Поэтому на самом деле никакого выбора принудительная эстетика человеку не предоставляет. Это – чистая игра идолов. Тоталитарные монстры ушли в своё модерное прошлое: дисциплинарного общества, образованного по типу сталинского командно-административного центра вертикального государственного управления, больше нет. Значит, мы выбираем между глобализмом и отсутствующим. Внутри кокона глобализма нам предлагается поиграть в выбор между кошельком и жизнью, добрым и злым полицейским, Fa и Anti-Fa, бегая по замкнутому кругу и мечась между эстетизированным либерализмом и откровенно катастрофическим национализмом, этницизмом Реального и космополитизмом Символического, национальной химерой рода и «мировой» демократией рынка. Атакуемый двойными посланиями, человек ощущает глубочайшую неудовлетворенность жизнью: его комфортная свобода оборачивается несвободой. Его кажущаяся аполитичность является глубоко политической. Панэстетизм постмодерна становится средством маскировки машины пропаганды либерального фашизма.
Чтобы поддерживать в человеке иллюзию свободы и иллюзию выбора, из его сознания машина предприняла попытку начисто убрать онтологию. Она её просто отменила. Бытийности «нет», и «нет» тех цивилизаций и культур, что упрямо тяготеют к экзистенциальному стоянию в просвете бытия. Россию отменяет мир, потому что глобализм отменяет онтологию как избыток,
зияние, лишнее, ненужное – слишком Реальное – не подвергшееся эстетизации и китчизации, «некрасивое», «немодное». Так в свое время гитлеровская машина убирала еврейство – Реальное, слишком Реальное, – для фашистского мироустройства избыточное этическое образование – совесть, самость, истинность, онтологичность, не подверженную эстетизации, неприкрашенную мораль в противовес приукрашенной безнравственности.Деонтологизация в клиповой ситуации постмодерна предполагает смену бытийной категории самости на более «менеджерское» понятие «идентичность»: ведь с самостью мы рождаемся, она – экзистенциальная, метафизическая и примордиальная, а «идентичность» можно легко сформировать, исходя из пользы ситуации. Также в самом понятии «идентичность» выделяются «приписанная идентичность» и «сконструированная идентичность», с явными преференциями в пользу последней как более «индивидуально» релевантной и вариативной. «Приписанная идентичность» как Священное Предписание Бытия не предполагает ничего исключительно внешнего, отчужденного, репрессивного, никакой чрезмерной объективации: она является экзистенциальностью, это – метафизическая идентичность, с которой человек воспитывается в сакральной
Традиции с рождения, не подвергая её сомнению и критическому анализу, в слепом оргиастическом слиянии с Отцом как с внутренним архетипом.
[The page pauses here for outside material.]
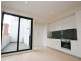 109 Inkerman Street, St Kilda VIC 3182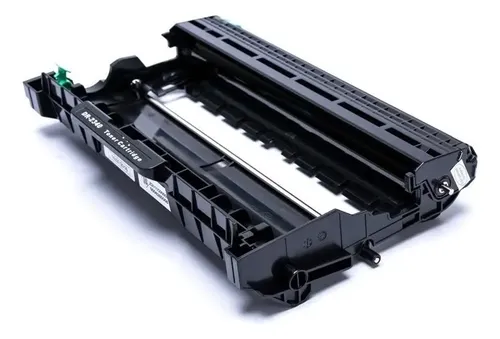 Cilindro P/ Brother Evolut Dcp-l2540dw L2540dw L2540 2540dw | MercadoLivre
Можно сказать, что приписанная Отцом идентичность – это одновременно примордиалньая врожденная идентичность, укоренная в самость субъектности, в априорные формы ее созерцания и рассудка. Бог, Отец, священное приписывают субъекту быть именно таким в символическом смысле слова, но человек и является таким в Реальном, потому что зазора между Реальным и Символическим нет, бессознательное и сверхсознательное, желания и культура, Отец и Сын, чувственность и язык структурируют друг друга и синтагмально слиты в единое целое мистериального общения, в соборный и сакральный миф премодерна.С появлением метафоры (поэтической дистанции Воображаемого, зеркала) в модерном обществе Эдипа начинается индивидуализация: человек теперь волен сам выбирать, какой идентичностью ему обладать, между ним и нормами культуры пролагает себе путь критическая рефлексия. Апогей рациональности приходится на эпоху Просвещения, начиная с которой традиционная приписанная идентичность стигматизируется как «патриархальное зло» и отдается предпочтение сконструированной идентичности. Постмодерн в полной мере показал крах конструирования через бегство от свободы – новое рабство. Человек в состоянии информационного шока оказался не способен построить и сконструировать свою идентичность: за него это сделала машина, предлагая ему только иллюзию выбора. Независимость от Отца привела к еще большей зависимости от самого себя. Метафора снова исчезает из дискурса, уступая место Символическому Реальному, новому палеолиту, или новому средневековью, в постмодерне.